[What needs to be done]
Copy exactly the stretch of lines from the one holding "TERMIGNONI TITANIUM exhaust" through the last line of the data below, inclusive. Leave out pictures.

[Given material]
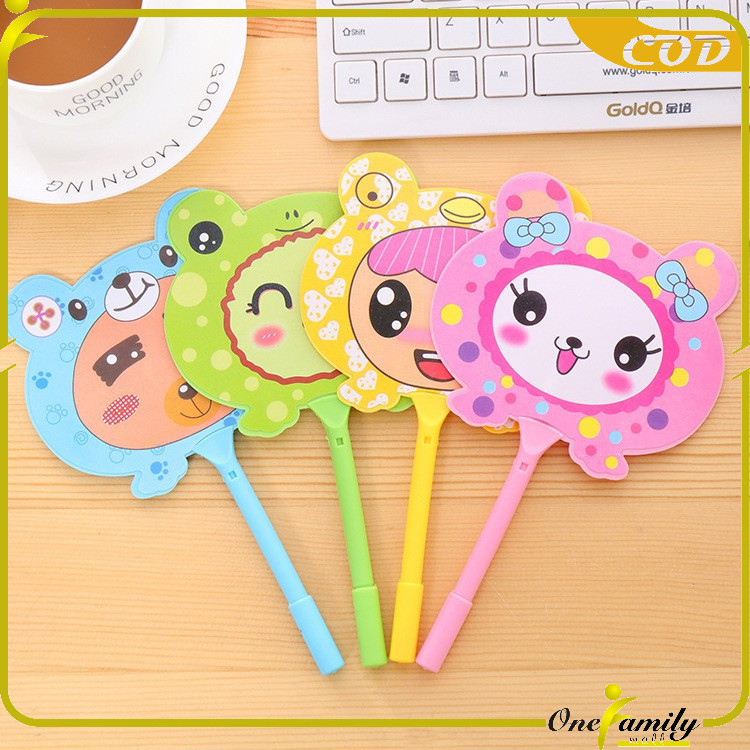 

HARGA TERBARU ONE-A2 PENA PULPEN GEL KIPAS / PENA KIPAS ANIMAL & BUAH / PULPEN KIPAS KARAKTER LUCU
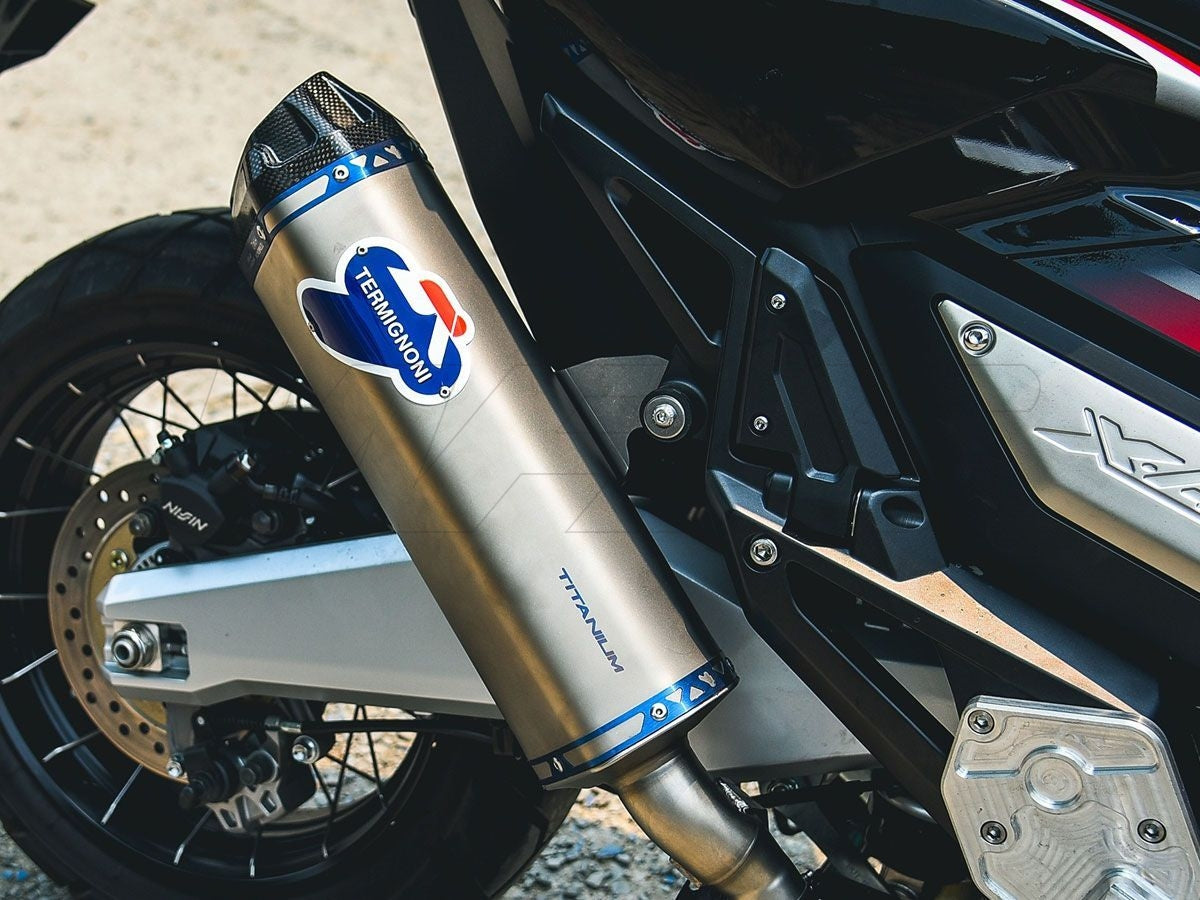 TERMIGNONI TITANIUM exhaust HONDA X-ADV 750 2017-2020 APPROVED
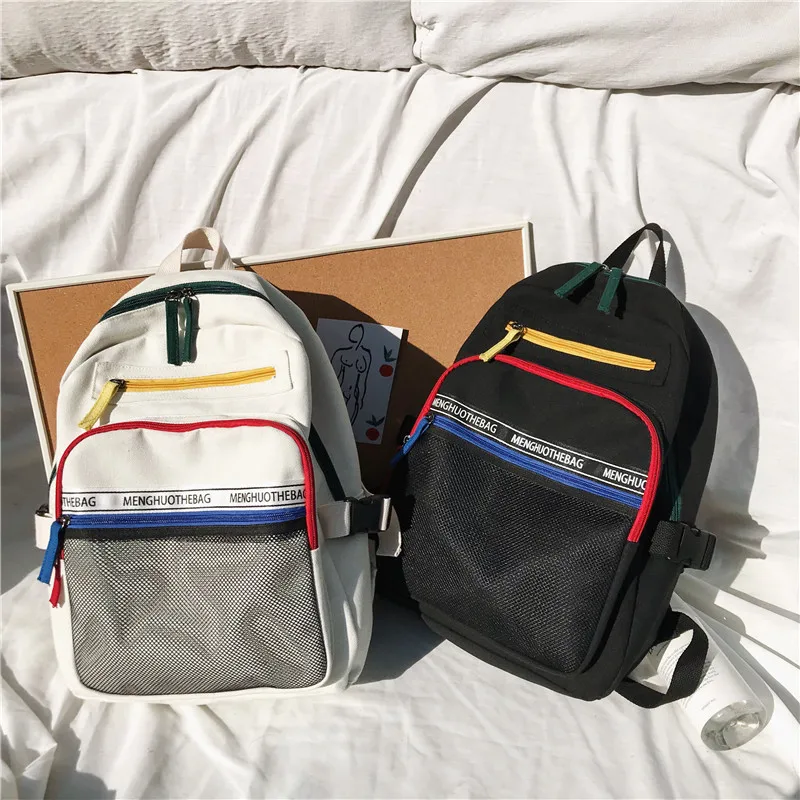 Youda новый оригинальный большой емкости женский рюкзак классический студенческий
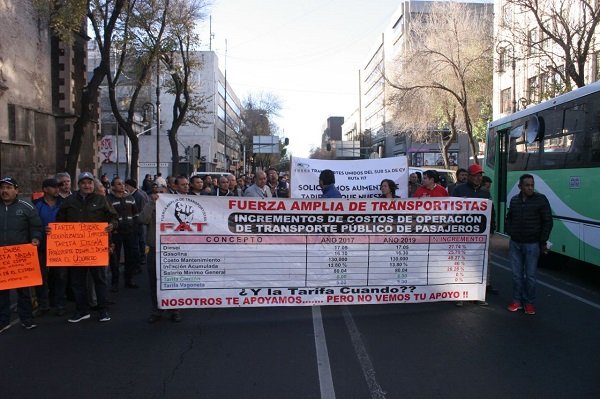 MEGA MOVILIZACIÓN DEL FAT EN CASO DE NO RECIBIR RESPUESTA A SUS DEMANDAS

[Exercise response]
 TERMIGNONI TITANIUM exhaust HONDA X-ADV 750 2017-2020 APPROVED
 Youda новый оригинальный большой емкости женский рюкзак классический студенческий
 MEGA MOVILIZACIÓN DEL FAT EN CASO DE NO RECIBIR RESPUESTA A SUS DEMANDAS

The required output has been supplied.